Omit all images, then repeat exactly the lines below from the one containing "Textured Abstract Mid" through the one containing "Silk with Stripes & Kalamkari Pallu - Brown", both ends included.

*** INPUT MATERIAL ***

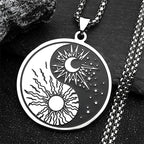 Collier Pendentif Soleil et Lune Yin Yang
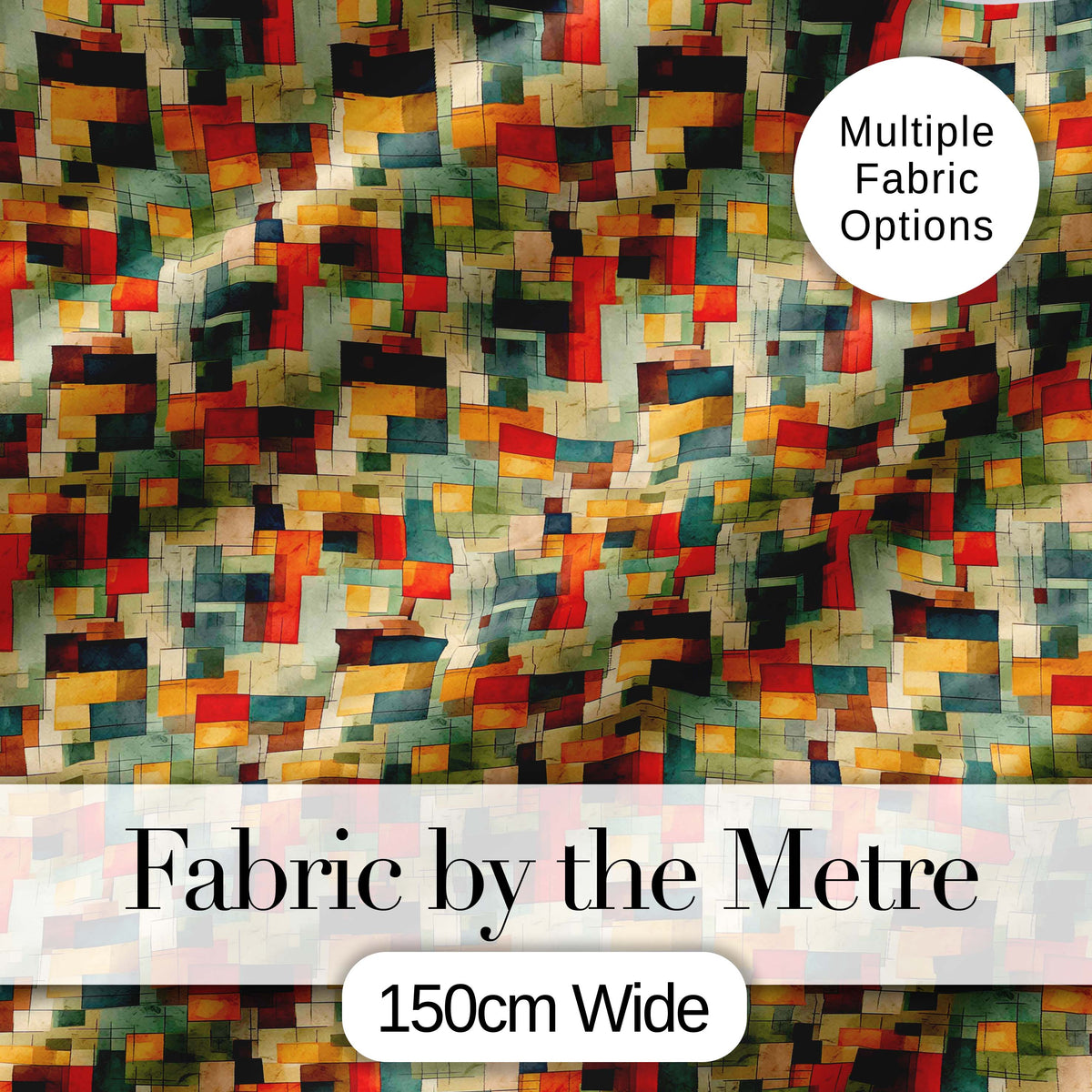 Textured Abstract Mid Century Shapes Artistic Seamless Pattern Design Digital Print Fabric by the Metre UK Sewing Quilting Textile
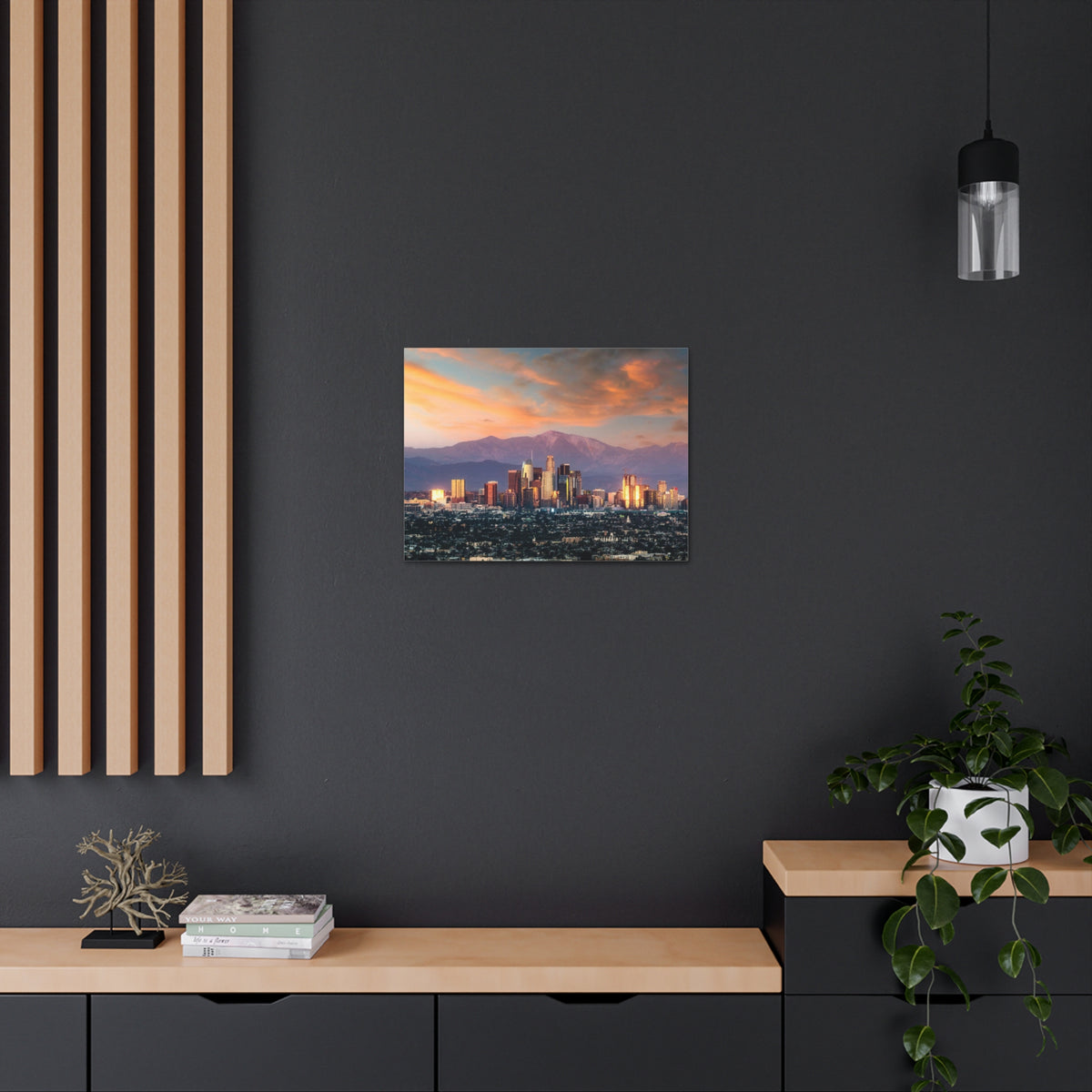 Los Angeles Daytime Skyline Canvas Artwork High-Quality Breathtaking Stunning Cityscape for Home Decor Ready to Hang-Express Your Love Gifts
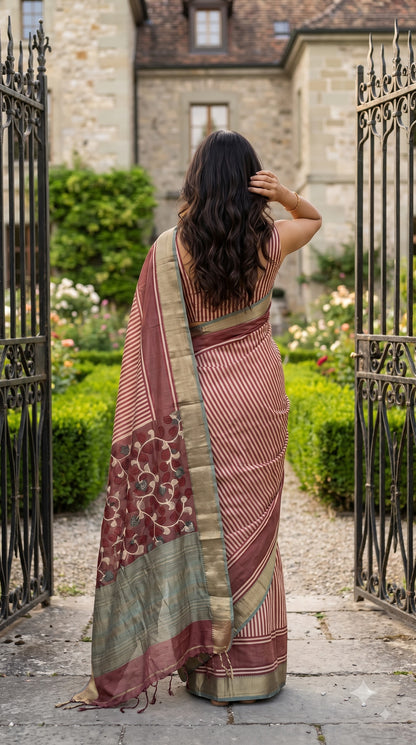Silk with Stripes & Kalamkari Pallu - Brown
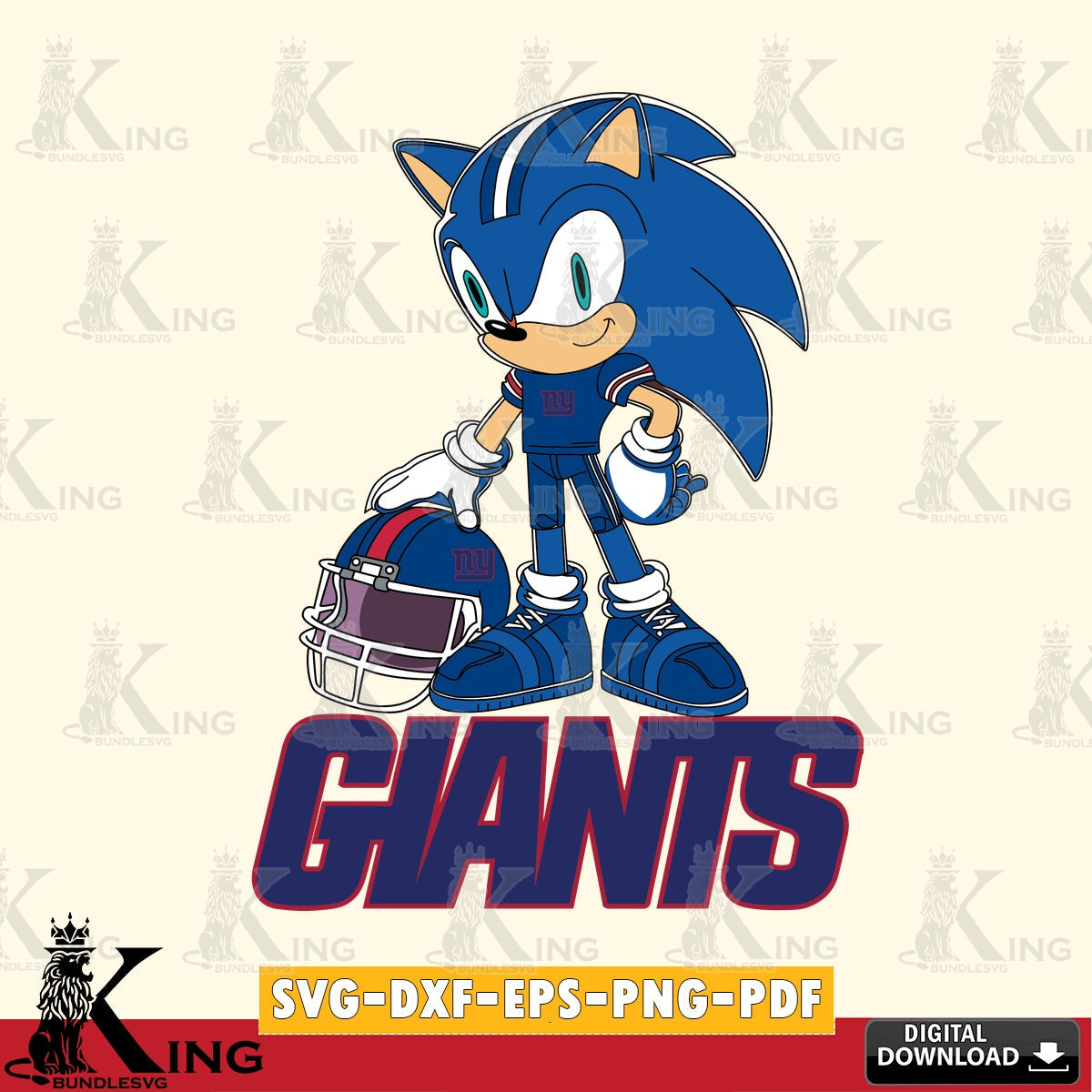 Vector design showing New York Giants Sonic Player Football, a cut file ideal for vinyl projects and T-shirt printing.
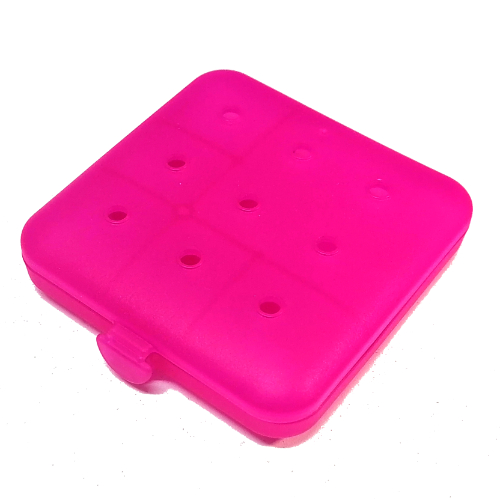 Lego Clikits Container Box, Square with 3 x 3 Holes Arrangement - Hinged / Trans-Dark Pink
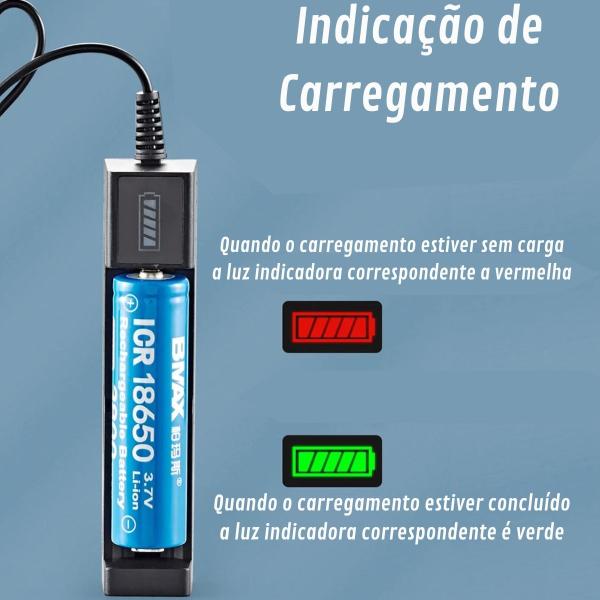 Imagem de Carregador USB Pilha Bateria Recarregável 18650 16650 14500 Regulavel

*** End of INPUT MATERIAL ***

▸ **FINAL ANSWER**:
 Textured Abstract Mid Century Shapes Artistic Seamless Pattern Design Digital Print Fabric by the Metre UK Sewing Quilting Textile
 Los Angeles Daytime Skyline Canvas Artwork High-Quality Breathtaking Stunning Cityscape for Home Decor Ready to Hang-Express Your Love Gifts
Silk with Stripes & Kalamkari Pallu - Brown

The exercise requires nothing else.